Contrat santé groupe : les réformes 2014 et 2015

La promulgation de la loi sur l’emploi du 14 mai 2013 a fait évoluer la charte relative à la fiscalité des mutuelles d’entreprise, en rectifiant l’accord interprofessionnel (ANI) du 11 janvier 2013. L’objectif de cet article est d’aider les employés et les chefs de PME à y voir plus clair et rester dans la régularité.

L’an dernier, le gouvernement a décrété la réinsertion des contributions des employeurs aux systèmes de prévoyance complémentaires dans l’émolument net taxable. Le retard pris dans la parution de cette importante réforme au Bulletin des annonces légales et obligatoires (Balo) a fait qu’elle n’ait pas été prise en considération dans les bulletins de paie de décembre dernier. Ces bulletins de paie affichaient des données relativement inexactes à cause des logiciels de paie non actualisés. Ce retard pourrait avoir des impacts négatifs pour les employés qui ont une mutuelle entreprise car ils sont exposés malgré eux aux possibilités de redressement fiscal. C’est l’importance d’apporter une assistance aux employeurs sur cette réforme.

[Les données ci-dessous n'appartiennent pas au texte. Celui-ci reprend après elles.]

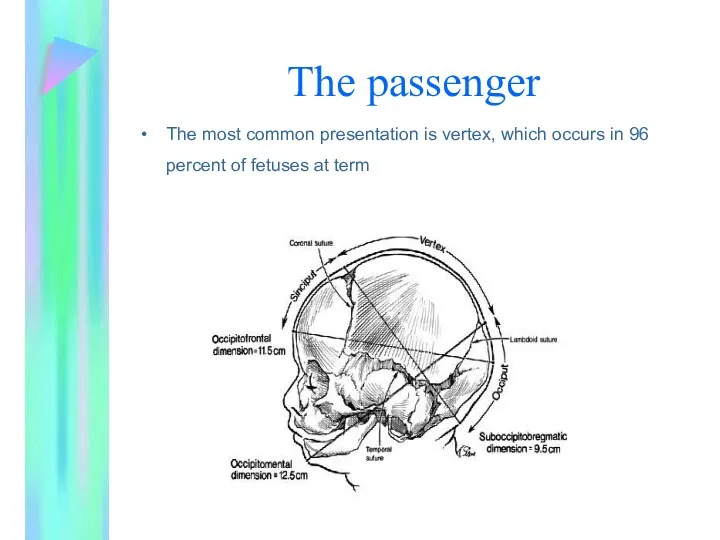 The passenger The most common presentation is vertex, which occurs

Cette réinsertion de la contribution patronale aux systèmes de prévoyance complémentaires dans l’émolument net imposable aura des impacts sur les employés. Dorénavant, la contribution de l’entreprise pour la complémentaire santé au bénéfice de son personnel est considérée comme un avantage imposable. Avec cette réforme, cet avantage devrait être déclaré parmi les revenus imposables de 2013. Cela concernera environ 13 millions d’employés qui auront un surplus de taxes corrélatif à leur niveau de taxation.

Les contributions des entreprises varient en moyenne de 50 à 60% de la somme globale de la mutuelle. Selon la grille de taxation de chaque employé, cette réforme impactera le montant à déclarer, altérant du coup leur tranche de taxation. Un employé qui touche par exemple une complémentaire santé de 150€ par mois dont 50% par l’entreprise aura à déclarer sur l’année 900€ de plus.

L’employé est encouragé à consulter sa déclaration de taxes pour l’année 2013 si la contribution de l’entreprise est comprise dans le net taxable en 2014 comme prévu. Pour leur régularisation, les employeurs doivent procéder à trois actions :

•           Examiner l’exactitude de la déclaration DADS-U de janvier 2014 pour l’année 2013. Avec les bulletins de paie régularisés, comme ont fait les éditeurs tel que Sage, les employés pourront connaitre le montant à déclarer.

•           Prévenir les employés à l’avance de la différence entre la somme du net taxable inscrite sur le bulletin de paie de décembre et celle inscrite sur la déclaration fiscale déjà remplie. Pour jouir de son droit de rectification avant la déclaration des émoluments de 2013 à l’État, le salarié doit réclamer à son employeur un justificatif de son salaire brut imposable et consulter le montant imposable par la suite.

•           Encourager les salariés à consulter la somme taxable de leurs déclarations. Les employeurs devront prévenir les employés quand la réinsertion de la contribution de l’entreprise en 2014 sera effectuée. Pour en être sûrs et éviter les mauvaises surprises, les salariés devront consulter la somme taxable de leur déclaration.